Quite excited,picked up the cam and their lots of pictures.Two really good bores that are coming in.Thank goodness the sow and three cubs are coming in around noon and one.A couple of small bears as well. no hunting on Sunday,so I have to wait until Monday. ye ha.Brent


----------



## TVCJohn (Nov 30, 2005)

Pics???


----------



## Callinalldeer (Jun 25, 2009)

sorry,the only pics. I can post are taken by my tablet.My sister-in-law was suppose to up load some pics. From the other bait site,but didn't. I'll get them up some how.


----------



## Callinalldeer (Jun 25, 2009)

I managed to plug trail cam into TV and take a pic with tablet,poor quality. I' m going to try and get some video from the tablet tomorrow.


----------



## Callinalldeer (Jun 25, 2009)

Better pics.


----------



## Callinalldeer (Jun 25, 2009)

same bear a few minutes later.


----------



## Callinalldeer (Jun 25, 2009)

another.


----------



## Callinalldeer (Jun 25, 2009)

Another pic. I'm pretty sure the time was 5:38 and he took off when we came. Brent


----------



## TVCJohn (Nov 30, 2005)

Kinda looks like a smaller to medium sized bear. The pics make it a little tough. Hopefully your SIL can get the pics posted up as more come in.


----------



## Callinalldeer (Jun 25, 2009)

My buddy killed a young bear last night,a perfect shot.His first bear so he was really excited and the black flies were terrible outside the blind.The thermocell saved the hunt.The bait might go cold for a few days but will see??


----------



## Callinalldeer (Jun 25, 2009)

I decided to check the bait.It was hit last night so I decided to sit for a bit since they were calling for rain tonight and tomorrow.
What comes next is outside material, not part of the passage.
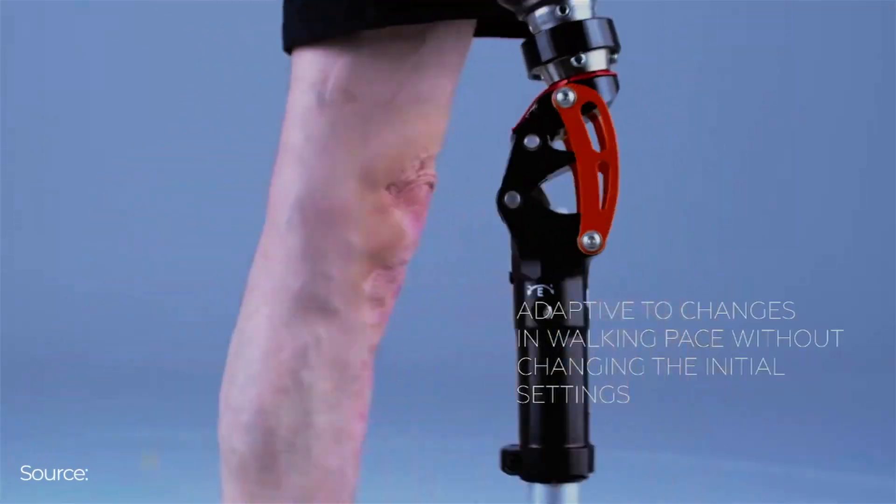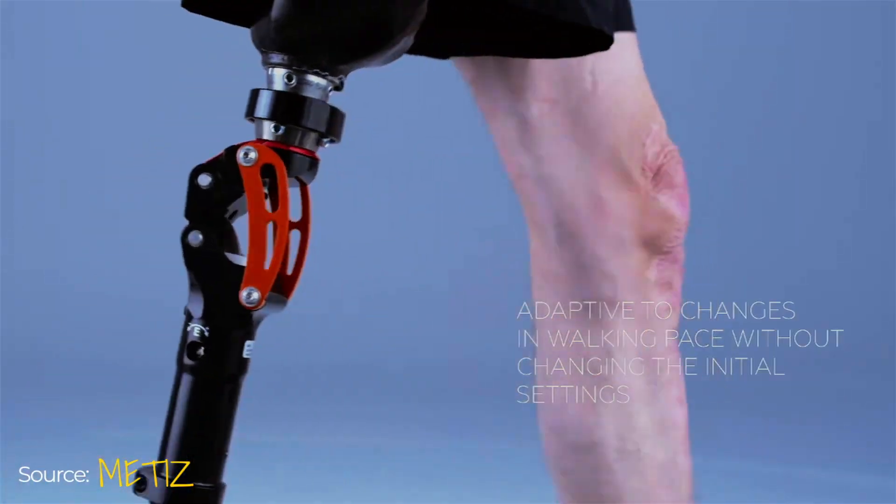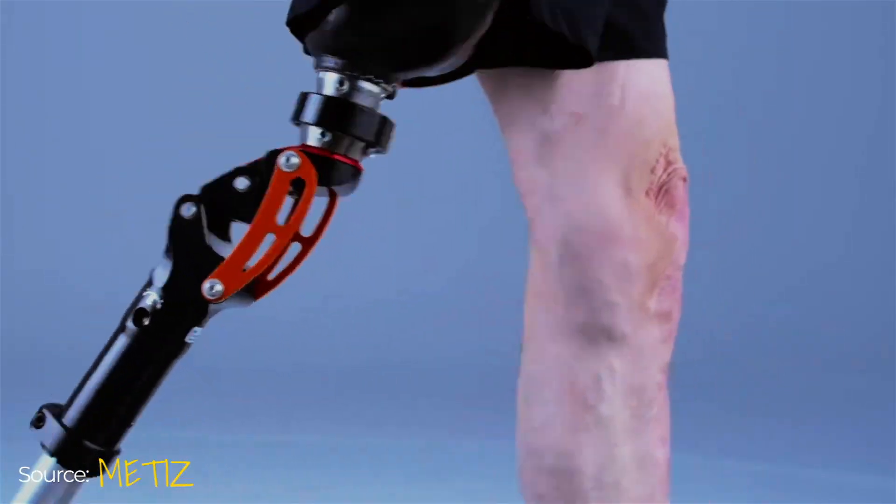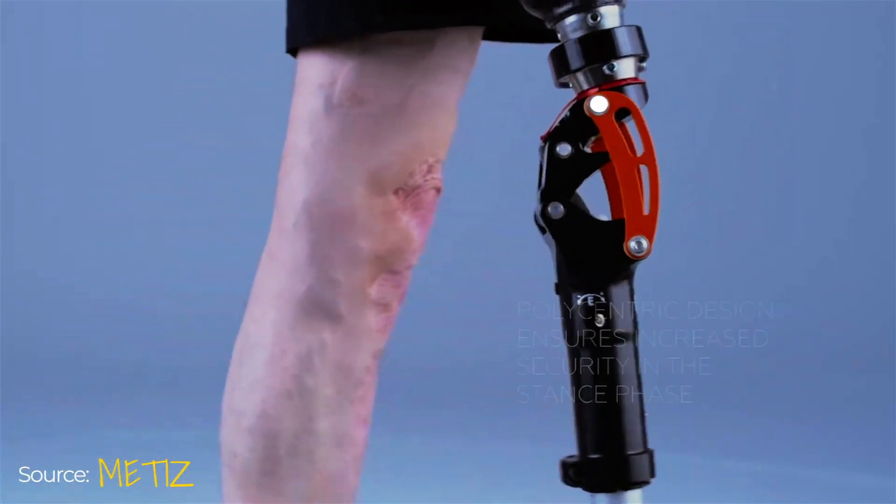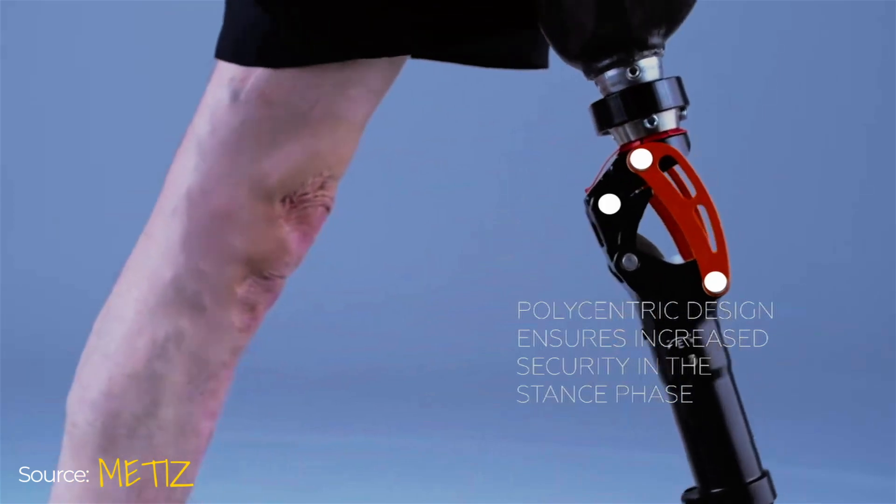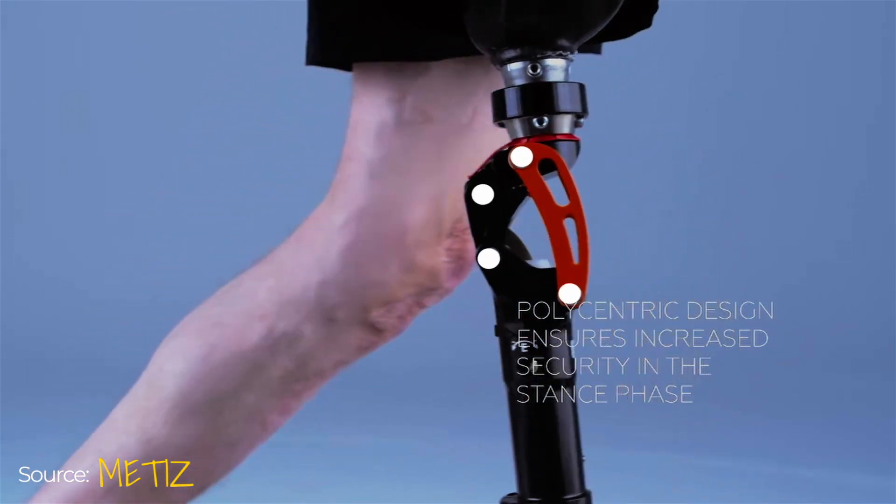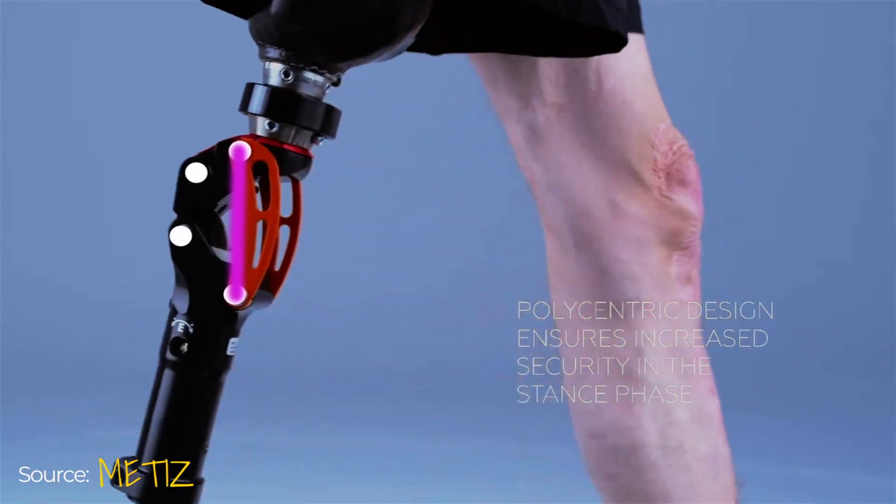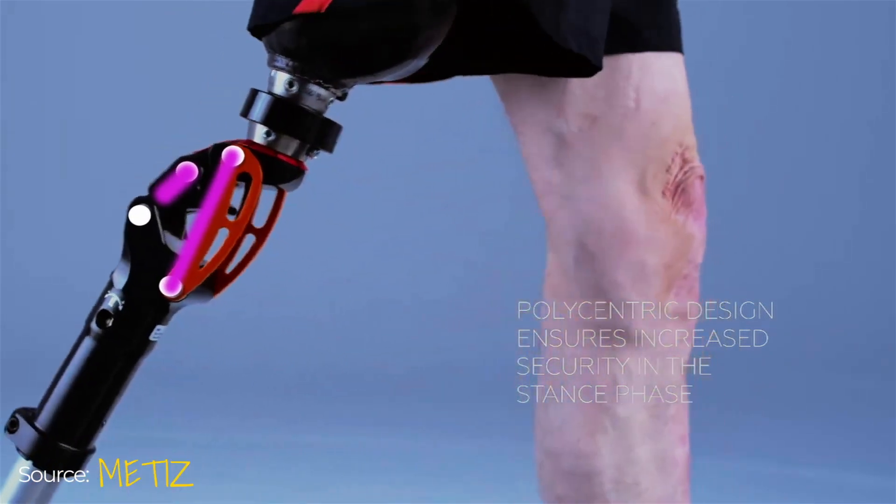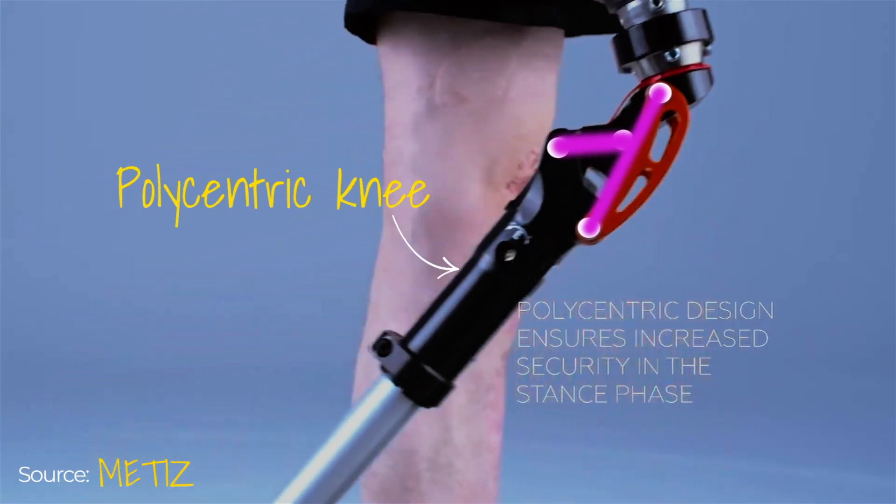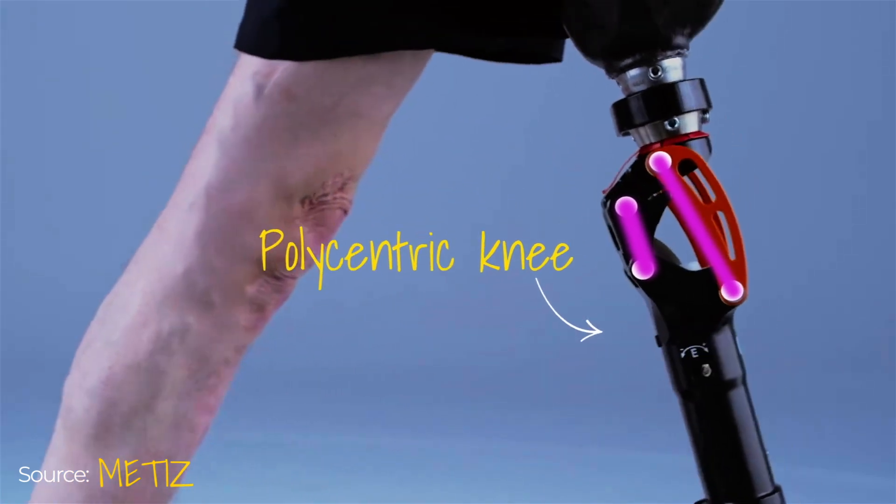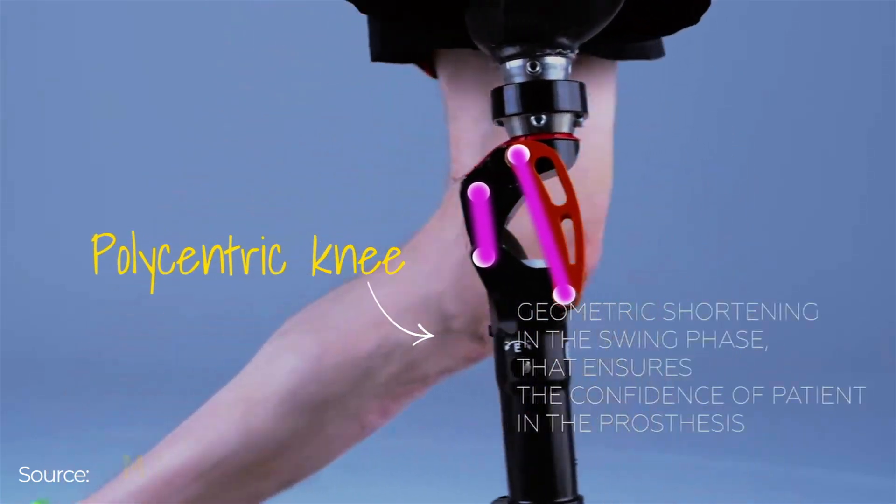This prosthetic knee doesn't just bend, it shortens the leg mid-step and projects its pivot point to another location to help the amputee walk better. Sounds insane, right? Let me tell you, it's real and not so complicated as you might think, but damn clever.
I didn't bring any meat but hung the bucket up and pored 5 gallons of grease. I saw the sow and cubs twice before 8:30 ,but she wouldn't come in .Then it began to poor,so I packed up and headed home.


----------



## TVCJohn (Nov 30, 2005)

Get some pics if you can.

I got what looks like a sow and her cub on cam when I checked them today. The pics are in the Deer Cam forum.


----------



## Callinalldeer (Jun 25, 2009)

COPD and (diverstrickalitis ) sp??? Have made it hard to hunt. I made it home a few times,just in time. Of course I had to leave last night and a boar came in two times and again this morning.I had to leave again to night,so I'm hoping to get out in the morning and see if he shows up again. I realized the pics. I tried to post were videos. SIL went to Hawaii for a month. I'm saving the videos and will try to post them. Brent


----------



## TVCJohn (Nov 30, 2005)

Good luck in the morning....


----------